A new report points to a sizeable exodus of cryptocurrency from digital wallets sited in China over the past year, in a sign that the medium has emerged as an increasingly popular means for Chinese investors to flout the country’s strict capital controls.
The report from cryptocurrency software firm Chainalysis found that in the past twelve months “over $50 billion worth of cryptocurrency move[d] from China-based to overseas addresses.”
Chainalysis pointed to the long-standing imposition of currency controls as a key motivation for the mass movement of cryptocurrency, given that Chinese nationals are only permitted to purchase USD$50,000 of foreign currency a year from financial institutions.
While wealthy Chinese citizens had previously employed investment in real estate and other assets to circumvent these controls, the report points out that Beijing has recently targeted these methods.
“Cryptocurrency could be picking up some of the slack,” said the Report. “Obviously, not al of this is capital flight, but we can think of $50 billion as the absolute ceiling for capital flight via cryptocurrency from East Asia to other regions”
In order dodge to China’s strict controls on both cross-border capital movement and cryptocurrency trading, citizens are employing Stablecoins Tether to transfer their digital assets.
“In total, over $18 billion worth of Tether has moved from East Asia addresses to those based in other regions over the last 12 months,” said the Report.
The Report sees economic fluctuations in the wake of the COVID-19 pandemic as a key driving factor behind much of this capital flight, particularly in the month of March when bitcoin prices began to stage a recovery.
“Equities in both the U.S. and China were still losing value at this time, as was the yuan itself,” said the Report.
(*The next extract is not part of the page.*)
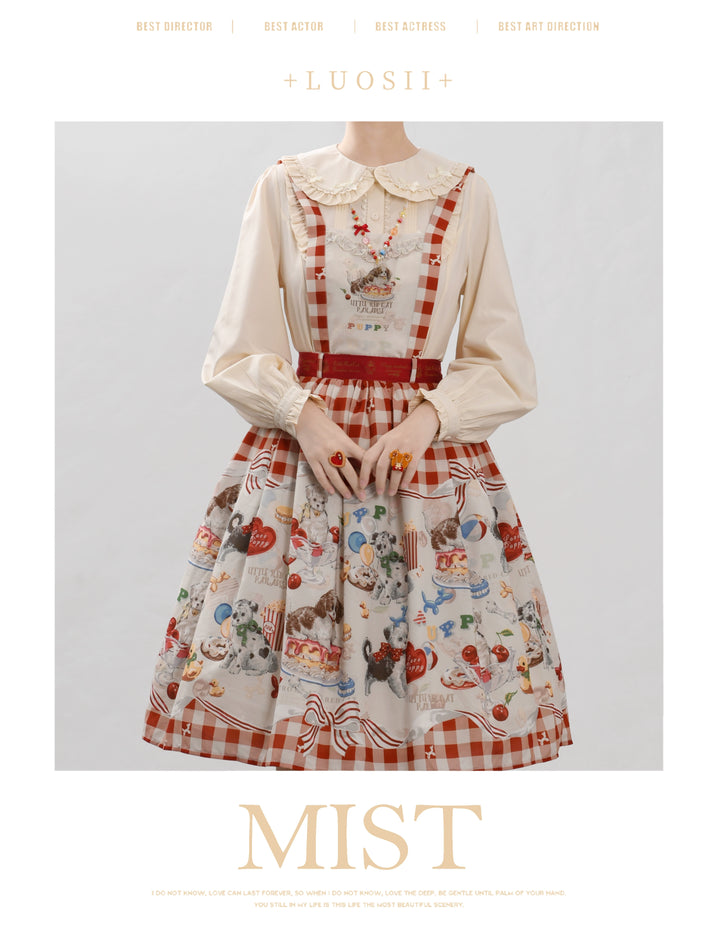 MIST~Sweet Lolita Blouse Doll Collar Lolita Shirt With Bubble Sleeve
“It’s possible that the economic tumult may have prompted some capital flight from China, though much of the Tether movement could have been East Asia-based cryptocurrency traders moving their holdings to international exchanges in order to trade at a time when cryptocurrency price volatility was high.”
In addition to strict capital controls, China has imposed strict curbs on cryptocurrency trading and usage for the past three years.
The Chinese central bank first the cracked down on the Chinese cryptocurrency sector in September 2017, with issuance of the “Public Notice Concerning the Prevention of Cryptocurrency Issuance Financial Risk” (关于防范代币发行融资风险的公告).
The Notice prohibited individuals and organisations from engaging in ICO’s, called for the immediate suspension of all cryptocurrency financial activities, and for individuals and organisations that had raised funds via cryptocurrency issuance to make arrangements for repayments to investors.
The Notice also stated that “so-called cryptocurrency financing and transaction platforms” are prohibited from engaging in transactions involving virtual currency, the conversion of virtual currencies into fiat money, and the provision of services including pricing and information intermediation in relation to virtual currencies.